**Recorded information**
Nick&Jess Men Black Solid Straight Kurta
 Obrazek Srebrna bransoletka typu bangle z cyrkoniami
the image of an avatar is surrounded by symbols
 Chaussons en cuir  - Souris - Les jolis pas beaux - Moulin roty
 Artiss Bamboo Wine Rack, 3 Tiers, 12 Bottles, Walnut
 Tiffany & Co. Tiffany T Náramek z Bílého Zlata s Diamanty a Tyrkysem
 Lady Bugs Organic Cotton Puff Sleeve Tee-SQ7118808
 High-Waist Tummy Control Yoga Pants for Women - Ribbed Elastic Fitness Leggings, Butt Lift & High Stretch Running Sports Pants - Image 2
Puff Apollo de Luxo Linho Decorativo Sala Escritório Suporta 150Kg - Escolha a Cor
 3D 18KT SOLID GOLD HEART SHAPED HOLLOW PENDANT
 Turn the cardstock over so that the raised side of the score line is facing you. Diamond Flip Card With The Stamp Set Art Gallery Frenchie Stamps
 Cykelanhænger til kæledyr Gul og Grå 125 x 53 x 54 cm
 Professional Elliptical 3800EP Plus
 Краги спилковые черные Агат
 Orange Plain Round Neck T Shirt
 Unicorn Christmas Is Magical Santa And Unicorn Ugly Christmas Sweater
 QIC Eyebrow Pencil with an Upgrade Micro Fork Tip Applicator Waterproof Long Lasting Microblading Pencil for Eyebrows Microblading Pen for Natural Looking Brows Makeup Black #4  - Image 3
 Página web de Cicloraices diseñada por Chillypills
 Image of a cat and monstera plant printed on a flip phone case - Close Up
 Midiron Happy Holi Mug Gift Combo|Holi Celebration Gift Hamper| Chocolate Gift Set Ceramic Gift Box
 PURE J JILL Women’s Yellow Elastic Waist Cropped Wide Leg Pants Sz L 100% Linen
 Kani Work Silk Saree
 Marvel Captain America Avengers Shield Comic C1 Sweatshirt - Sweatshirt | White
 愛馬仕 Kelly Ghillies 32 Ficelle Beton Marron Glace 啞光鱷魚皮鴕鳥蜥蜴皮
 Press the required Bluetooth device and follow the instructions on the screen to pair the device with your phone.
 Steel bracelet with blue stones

**Required action**
The lines from the one holding "PURE J JILL" to the end of the entries are to be repeated exactly, with both ends included and nothing else.

**Exercise solution**
 PURE J JILL Women’s Yellow Elastic Waist Cropped Wide Leg Pants Sz L 100% Linen
 Kani Work Silk Saree
 Marvel Captain America Avengers Shield Comic C1 Sweatshirt - Sweatshirt | White
 愛馬仕 Kelly Ghillies 32 Ficelle Beton Marron Glace 啞光鱷魚皮鴕鳥蜥蜴皮
 Press the required Bluetooth device and follow the instructions on the screen to pair the device with your phone.
 Steel bracelet with blue stones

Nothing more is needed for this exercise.